There has, however, been a clear swing of mood. Shares are at their five-year high. The Royal Institute of Chartered Surveyors yesterday reported that housing demand was at its highest for nearly three years. The CBI is reasonably upbeat about business expectations. Car sales are very strong, up 15 per cent in April. And, of course, it looks as though the “double dip” in the economy will be revised away, as some of us said it would when those dire figures were first published.
So the big question now is how quickly we can make up at least some of the lost ground. What might come right and what might go wrong? I can see four potential positives and one negative: you might say four weddings and a funeral.
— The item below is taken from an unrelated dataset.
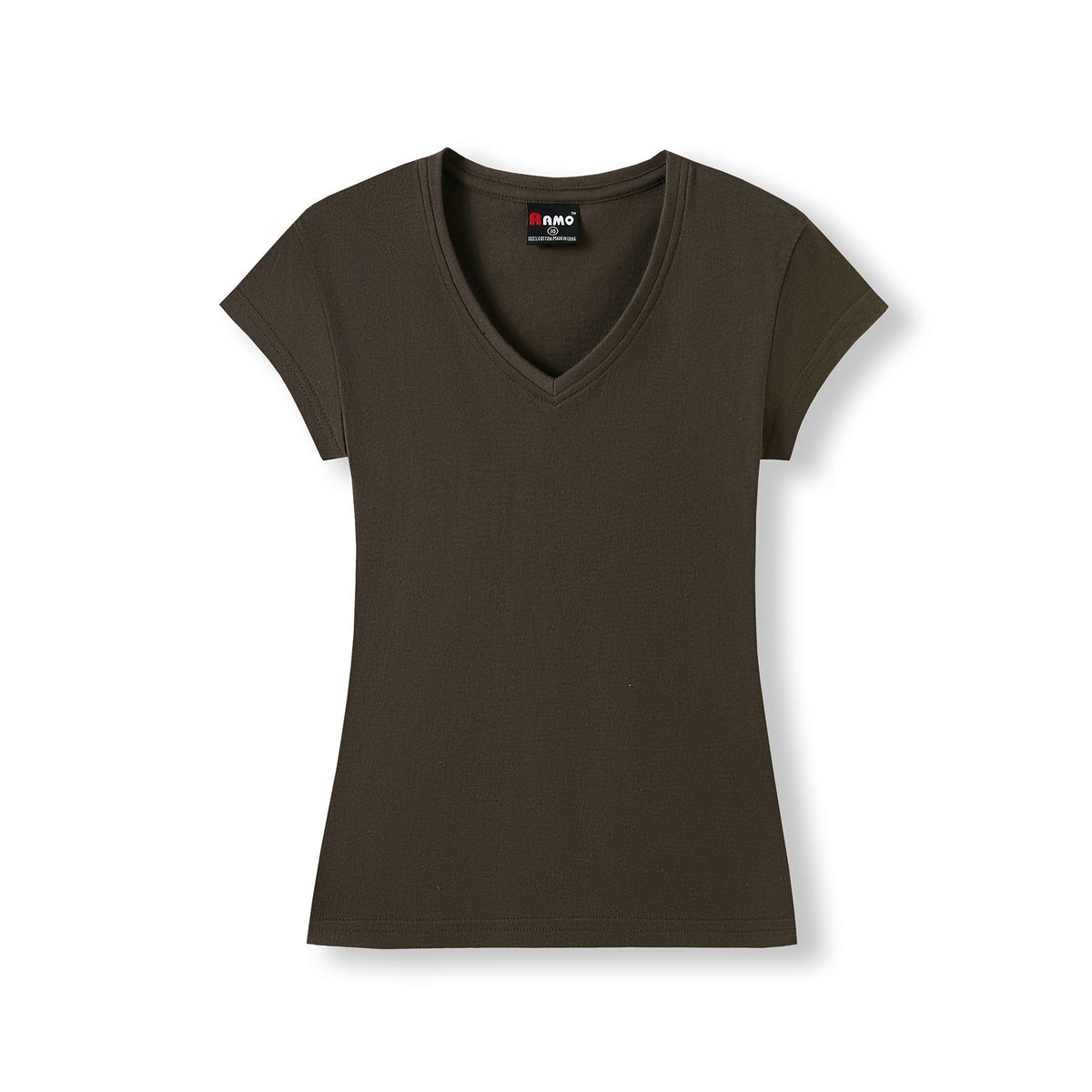 Women's V-neck T-shirt - Brown - Front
First of the potential “weddings” would be a decline in energy and commodity prices. The recovery of the West was held back by these, which were driven by strong demand from the rest of the world, notably China. As a result, we did not get the benefit we might have expected at that stage of the cycle. Now both energy and commodities seem to be easing back, reducing imported inflation. The UK has done rather worse than the US or Europe on inflation, partly because of the weak pound, partly because of a rise in “administered prices”, such as the rise in university fees, which are decided by the Government rather than being determined by market forces.
Second: a recovery in housing. There are two parts to this, a recovery in prices and a rise in activity. The former is a mixed blessing, for while the wealth effect helps underpin consumption, no-one wants unaffordable housing. A rise in activity from the exceptionally low levels of the past four years would be very helpful. Of course, it boosts construction but it also helps free up the labour market, and increases demand for consumer goods: you put in new kit when you move home.
Third, there is employment. This has been the great success story of the recovery, with faster job growth than any G7 country bar Germany. But it has to go on being the success story and most recent numbers were just a little soft. A slight pause in job creation would be understandable given the very strong growth but a fall back would be worrying. Creating more jobs is the main way we can dig our way out.
Fourth are exports. These have been disappointing and it is not clear whether this is mainly a Europe thing, for nearly half our merchandise exports still go to Europe, whether reorienting exports to new markets takes a long time, or whether we simply had too high expectations of the benefit that a cheaper sterling might bring. The general point here is that net trade has been a drag on the economy and at some stage that needs to be reversed.
And the potential funeral? It is that the present difficult economic situation across the eurozone will get worse, not better. A second year of recession is already in the forecasts. If that looked like becoming a third, that would be truly alarming. We simply don’t know what is going to happen. The eurozone economy as a whole may gradually ease its way up towards the end of this year, but parts of it will face a third year of decline.
But to return to the Inflation Report, it will be a relief if the outlook for the UK has improved rather than deteriorated. A bit of a change, and about time, too.
An important new study on wellbeing
People interested in economic well-being rather than the narrower concept of economic growth will be intrigued by a new study from the Office for National Statistics as to how the UK is doing.
The bad news first. We have fallen from number five in the world in 2005 to number 12 in 2011. There are a number of reasons, which include the devaluation of sterling and the fact that we have suffered relatively high inflation. The better news is that we have done well in maintaining employment, and the UK has remained fairly strong compared with other developed countries in terms of household spending and wealth.
But, for me, two things stand out from this study. One is that it is done in a particularly clear and “unspun” way. In fact, it is one of the clearest bits of macro-economic teaching that I think I have ever seen. The other is that its aim is to focus on something that really matters – our economic well-being – rather than GDP. So a warm welcome.